Она оставила его, похлопав напоследок по холке, и пошла вверх по тропинке так быстро, как только могла, изредка спотыкаясь на заплетающихся ногах. Тони наблюдал за ней с террасы.

– Где ты была? Честное слово, мама! Ты выглядишь ужасно!»

Из осторожности она решила не отвечать ему. Неважно, как она выглядела, она чувствовала себя… лучше. Более целеустремленной. Впервые с тех пор, как она приехала в это место.

– Конюх сказал что-то о сообщении?

– От Сильвана, я думаю. Он единственный, кто называет тебя «Достопочтенная леди Марджори Вестрайдинг». Сообщение настроено только для тебя. Я не смог прочитать эту штуку.

– Где твой отец?

– Все ещё на этом проклятом тренажёре. Но его никак нельзя прервать; у него ещё час или два.

Она села за коммутатор, позволив лучу идентификатору скользнуть по своим глазам. На экране высветилось: Личное.

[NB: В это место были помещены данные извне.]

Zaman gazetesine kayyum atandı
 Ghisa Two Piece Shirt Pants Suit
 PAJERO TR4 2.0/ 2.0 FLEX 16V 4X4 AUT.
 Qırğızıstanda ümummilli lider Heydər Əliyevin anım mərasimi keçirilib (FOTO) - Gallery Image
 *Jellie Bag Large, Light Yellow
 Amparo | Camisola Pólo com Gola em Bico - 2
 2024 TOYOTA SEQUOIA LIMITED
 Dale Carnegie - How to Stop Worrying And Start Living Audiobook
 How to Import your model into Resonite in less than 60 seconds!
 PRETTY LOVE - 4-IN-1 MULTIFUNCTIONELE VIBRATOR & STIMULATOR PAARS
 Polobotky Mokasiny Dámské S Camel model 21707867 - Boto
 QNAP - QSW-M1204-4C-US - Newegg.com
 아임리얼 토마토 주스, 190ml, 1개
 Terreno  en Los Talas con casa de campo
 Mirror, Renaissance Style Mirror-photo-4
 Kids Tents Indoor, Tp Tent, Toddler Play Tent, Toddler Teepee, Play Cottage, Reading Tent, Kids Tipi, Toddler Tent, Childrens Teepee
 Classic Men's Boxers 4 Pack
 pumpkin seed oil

Только для предполагаемого получателя.

– Тони, отвернись.

– Мама!

– Отвернись. Если это личное, я не хочу, чтобы ты это видел, – сказала она.

Она нажала на кнопку и увидела сообщение полностью.

«Пожалуйста, ПОМОГИТЕ. НУЖЕН ТРАНСПОРТ ДЛЯ МЕНЯ, МАТЕРИ И ЕЩЁ ДВУХ ЖЕНЩИН В ГОРОДА ПРОСТОЛЮДИНОВ. МОЖЕТЕ ЛИ ВЫ НЕЗАМЕТНО ДОСТАВИТЬ АЭРОКАР В ДЕРЕВНЮ БОН ДАМФЕЛЬСОВ? ПРИВАТНО.

– Повернись, Тони. Всё в порядке.

Тони прочёл сообщение на экране, нахмурился, прочёл еще раз.

– Что происходит?

– Очевидно, Сильвану нужно забрать Ровену из Клайва, но он не может сделать это сам. Он должен сделать это тайно. Подразумевается, что он должен скрывать это от кого-то, возможно, от Ставенджера.

– Как ты думаешь, Ставенджер бон Дамфэльс узнал, что Ровена приходила сюда, чтобы спросить о Джанетте?